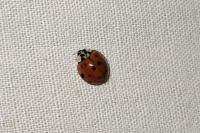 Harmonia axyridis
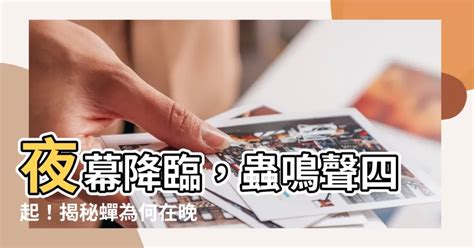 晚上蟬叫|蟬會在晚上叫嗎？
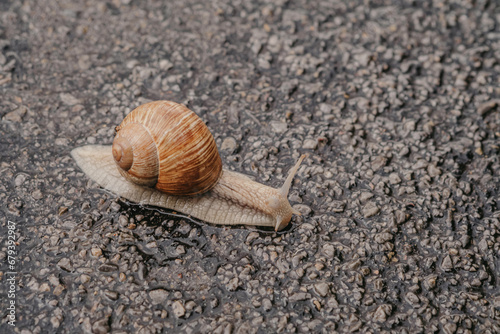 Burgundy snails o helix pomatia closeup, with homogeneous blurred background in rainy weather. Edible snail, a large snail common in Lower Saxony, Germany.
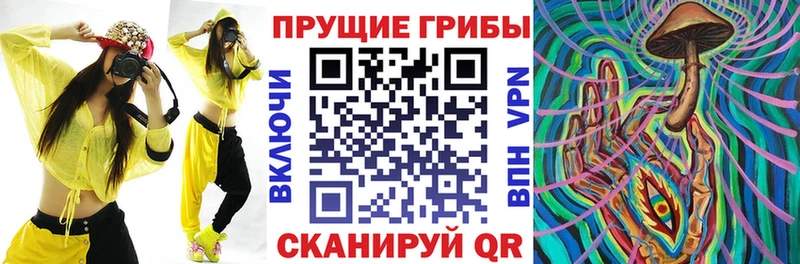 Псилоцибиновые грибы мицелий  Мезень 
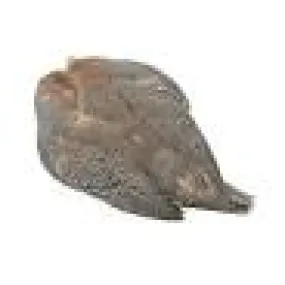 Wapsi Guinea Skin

--------------------------------

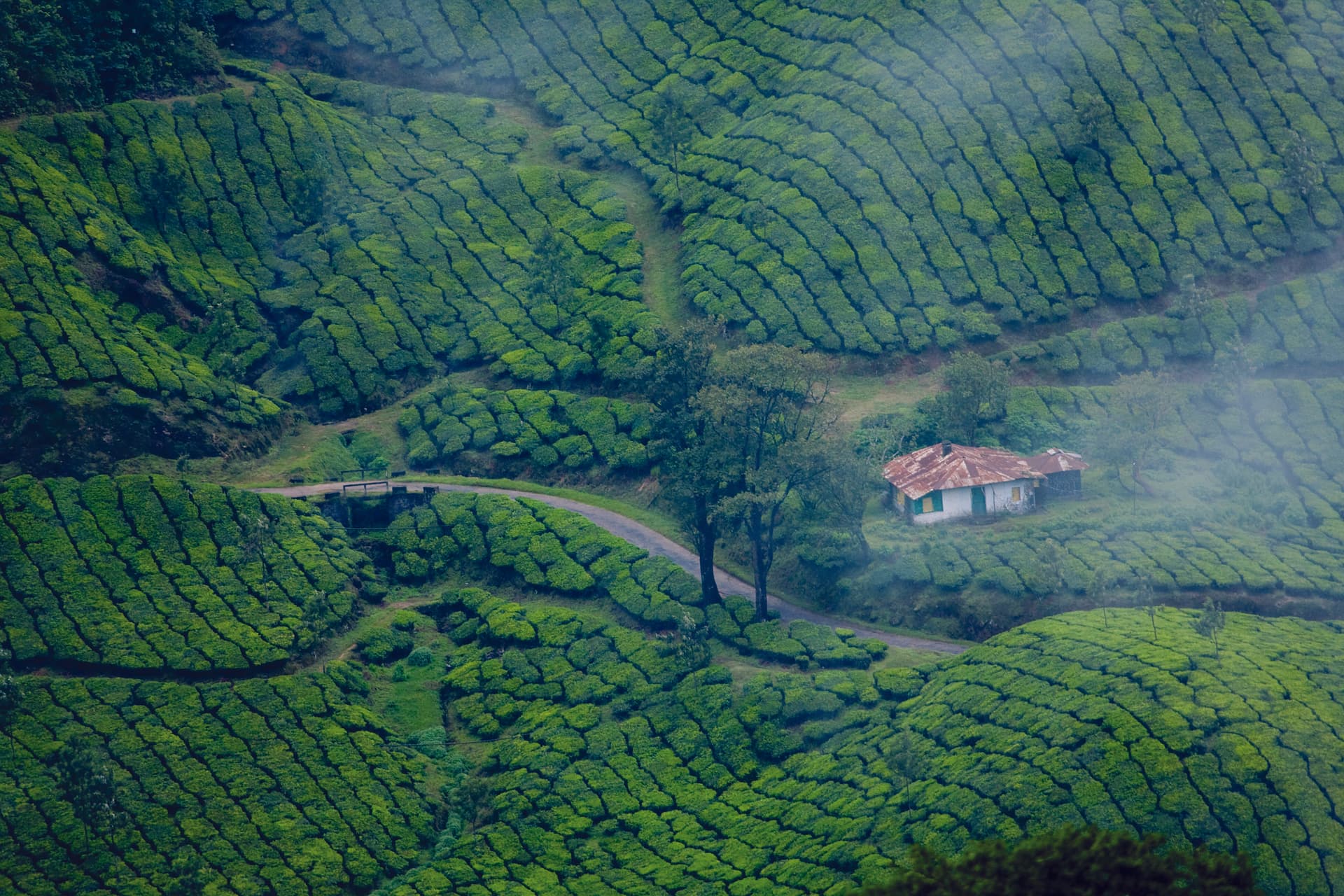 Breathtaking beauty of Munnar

--------------------------------

▶ _WHAT IS NEEDED_: In the listing above, find the line containing "晚上蟬叫|蟬會在晚上叫嗎？" and the line containing "Wapsi Guinea Skin"; print those lines and every line between them exactly, leaving out pictures.

▶ _RESPONSE TO THE EXERCISE_:
 晚上蟬叫|蟬會在晚上叫嗎？
 Burgundy snails o helix pomatia closeup, with homogeneous blurred background in rainy weather. Edible snail, a large snail common in Lower Saxony, Germany.
 Псилоцибиновые грибы мицелий  Мезень 
 Wapsi Guinea Skin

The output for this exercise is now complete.